Extracted records:
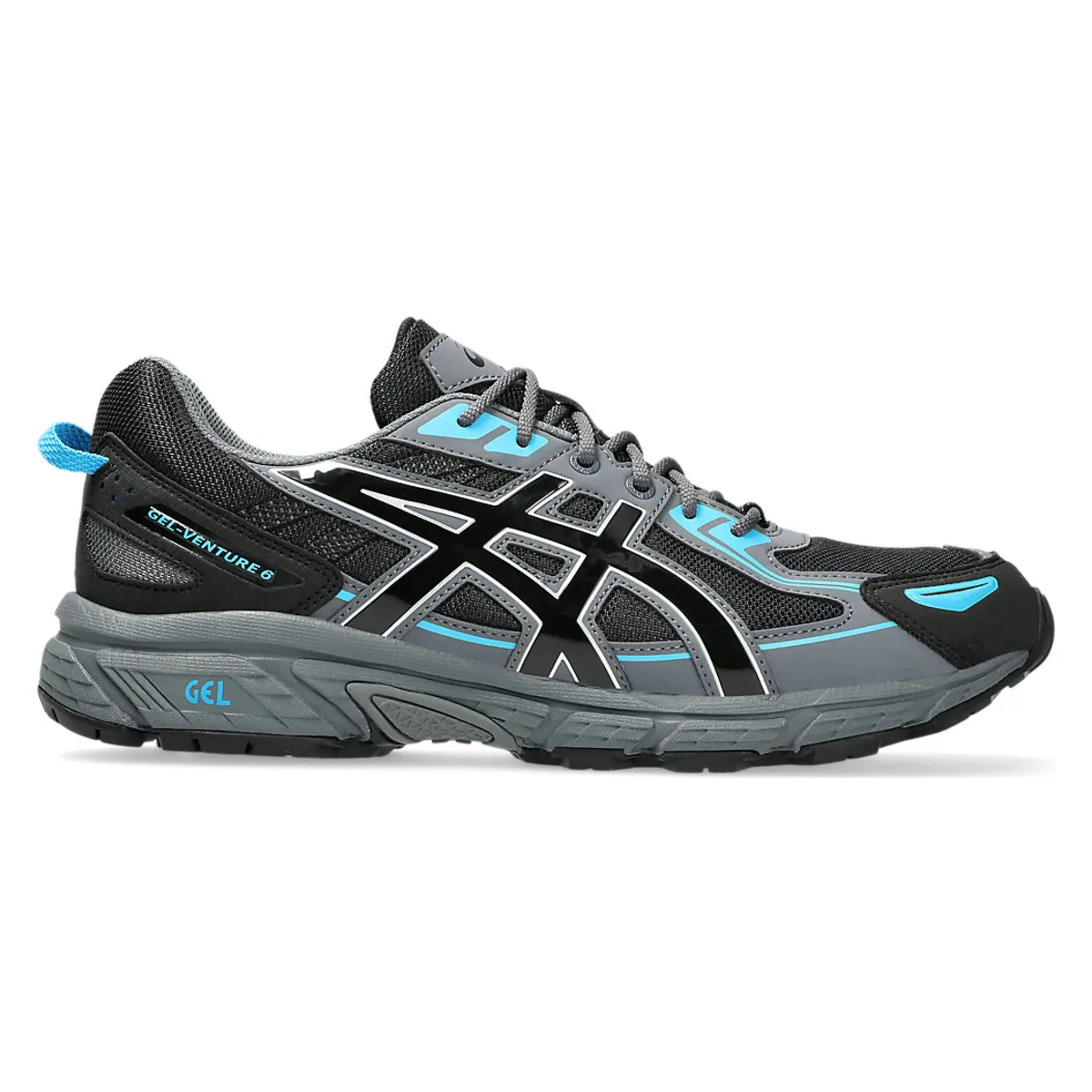 ASICS Gel-Venture 6 "Black Carrier Grey"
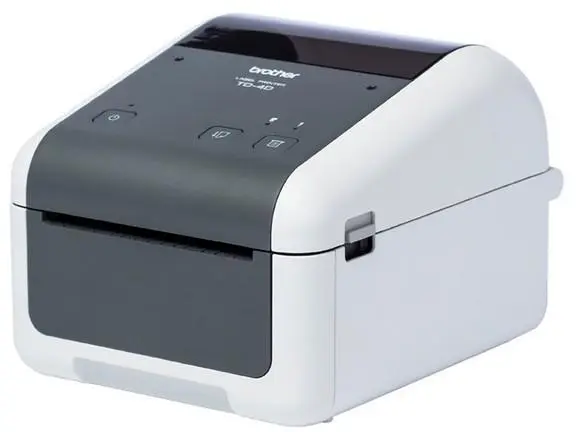 Imprimanta Termotransfer Brother TD4420DNXX1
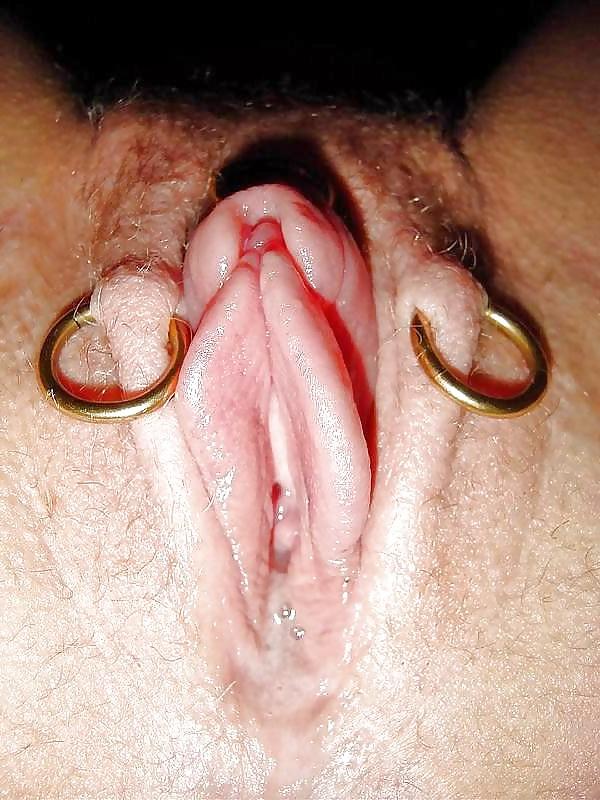 25P Big Pussy Lips (9) Large Labia,Vagina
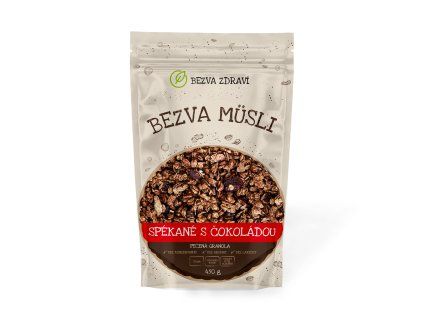 spekane s cokoladou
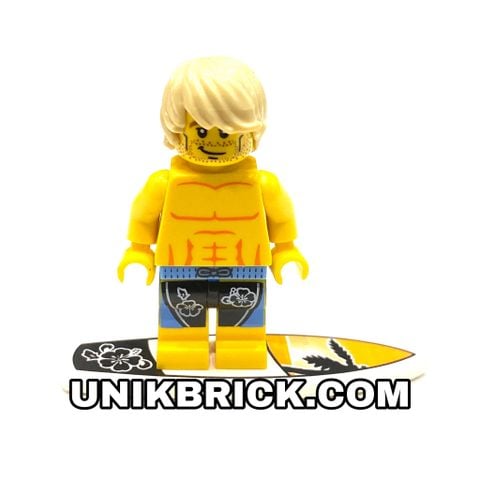  [HÀNG ĐẶT/ORDER] LEGO Surfer Series 2 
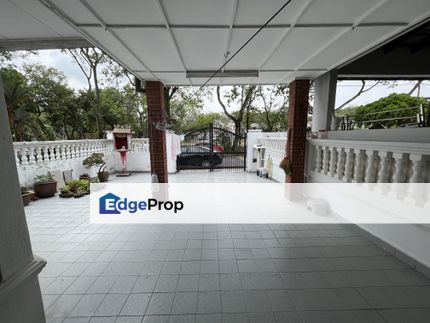 Double-storey terraced house at taman sea ss23 petaling jaya, Selangor, Petaling Jaya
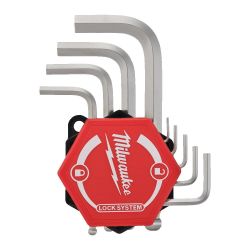 Набір шестигранних ключів MILWAUKEE Compact, 9 шт 4932492399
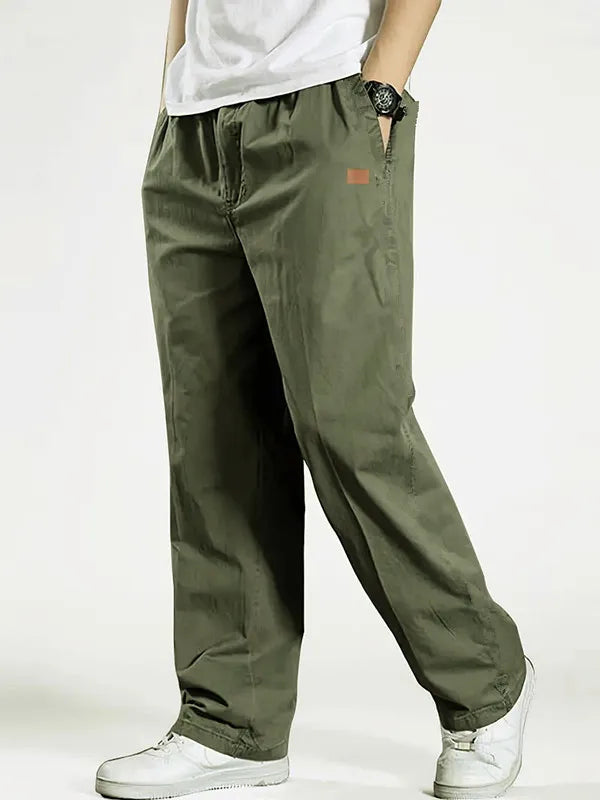 Bloom™ | Comfortabele Mannen Jogger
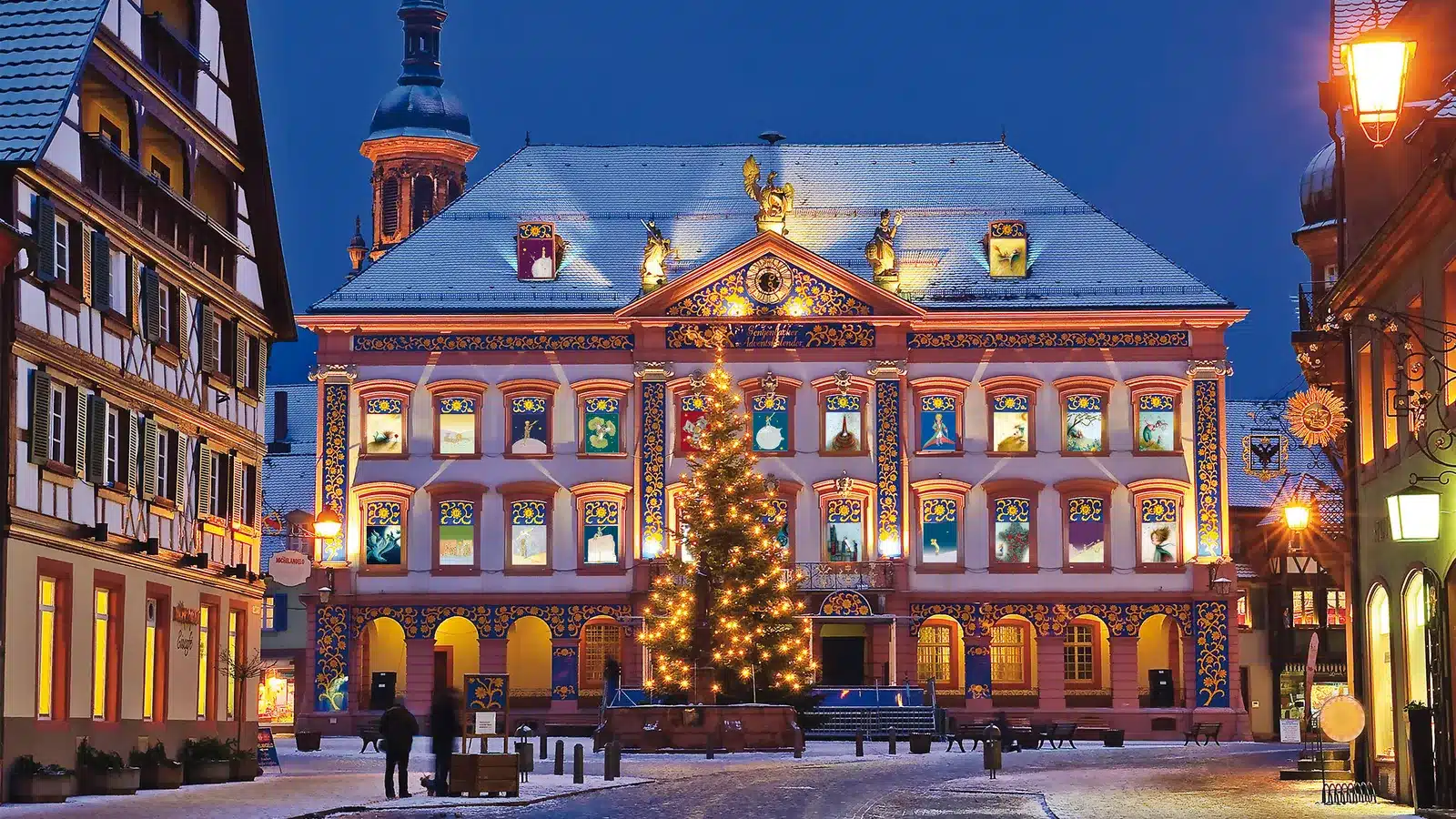 Adventskalender kleiner Prinz Foto D. Wissing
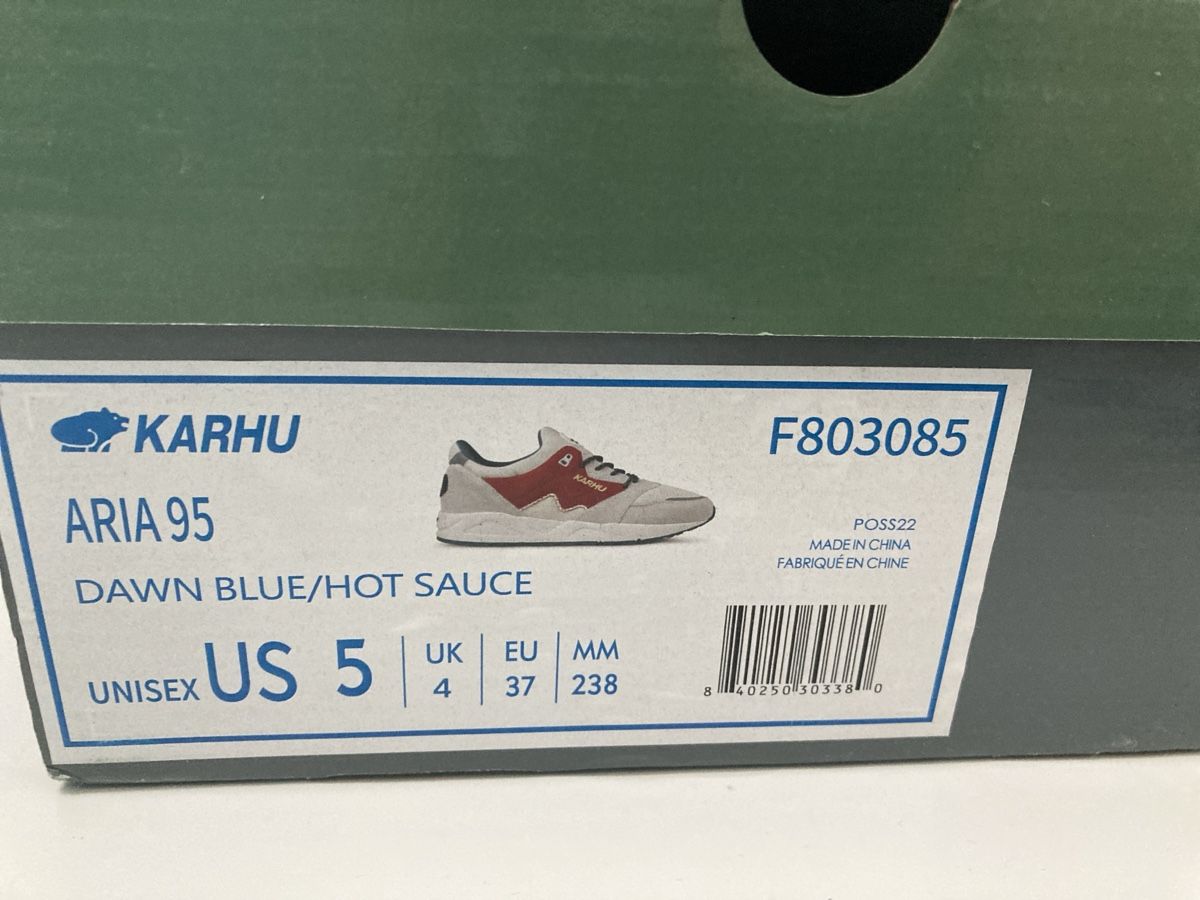 Karhu Scarpe da donna: Karhu sneakers, size 37 – Nuovo (secondo la descrizione) da Winterthur venduto da niemim 4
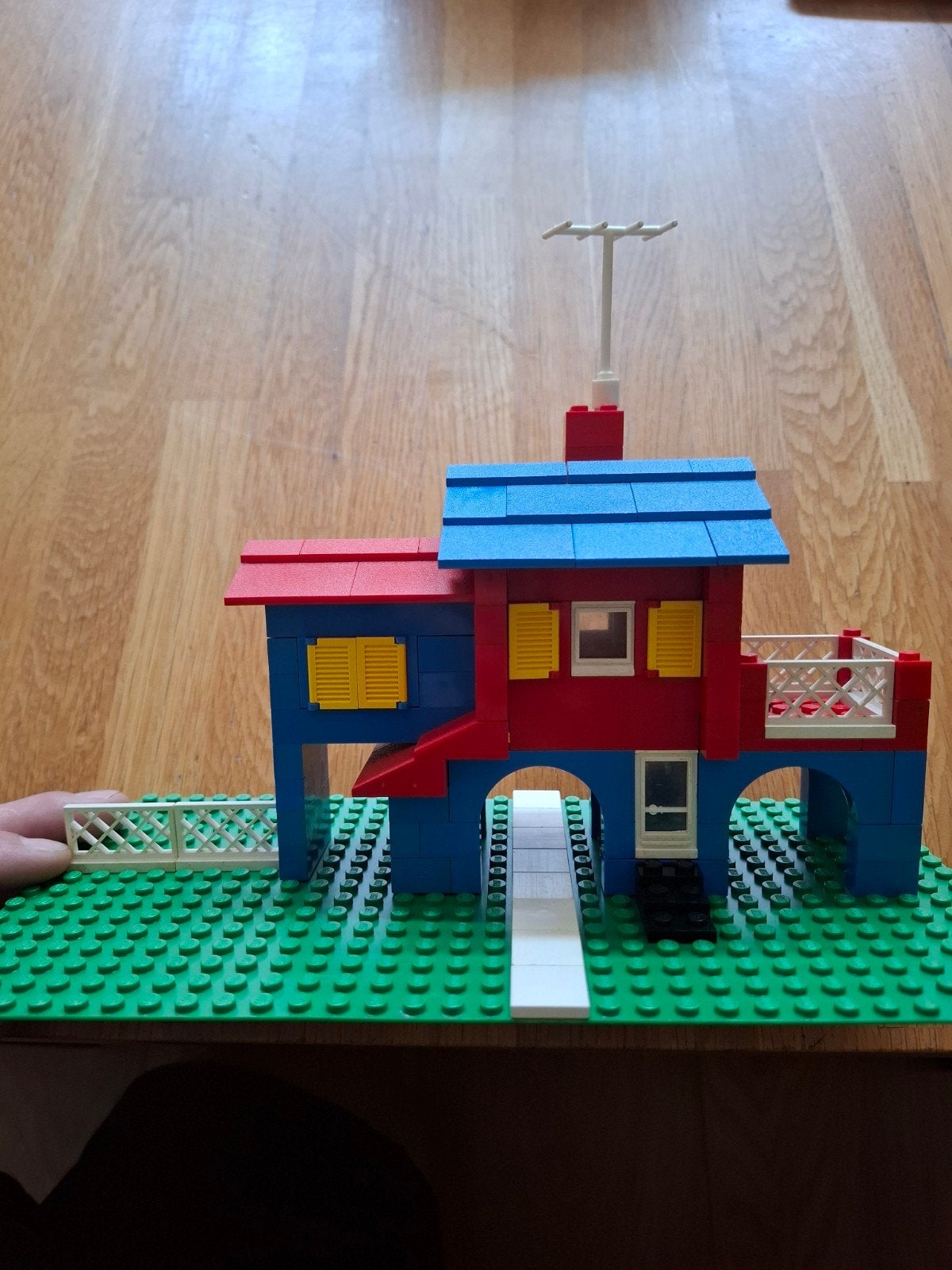 Lego 356-1 swiss villa, Ophalen of Verzenden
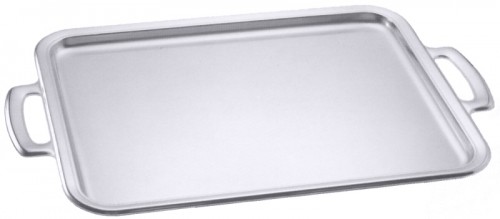 Rectangular Tray with Handles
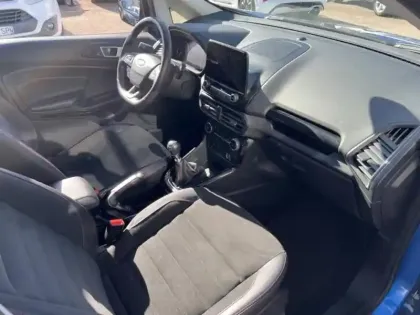 Photo 10 Ford Ecosport  1.0 EcoBoost 125ch ST-Line 7cv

The task: Output the records above exactly, leaving out pictures.

Output of the task:
 ASICS Gel-Venture 6 "Black Carrier Grey"
 Imprimanta Termotransfer Brother TD4420DNXX1
 25P Big Pussy Lips (9) Large Labia,Vagina
 spekane s cokoladou
  [HÀNG ĐẶT/ORDER] LEGO Surfer Series 2 
 Double-storey terraced house at taman sea ss23 petaling jaya, Selangor, Petaling Jaya
 Набір шестигранних ключів MILWAUKEE Compact, 9 шт 4932492399
 Bloom™ | Comfortabele Mannen Jogger
 Adventskalender kleiner Prinz Foto D. Wissing
 Karhu Scarpe da donna: Karhu sneakers, size 37 – Nuovo (secondo la descrizione) da Winterthur venduto da niemim 4
 Lego 356-1 swiss villa, Ophalen of Verzenden
 Rectangular Tray with Handles
 Photo 10 Ford Ecosport  1.0 EcoBoost 125ch ST-Line 7cv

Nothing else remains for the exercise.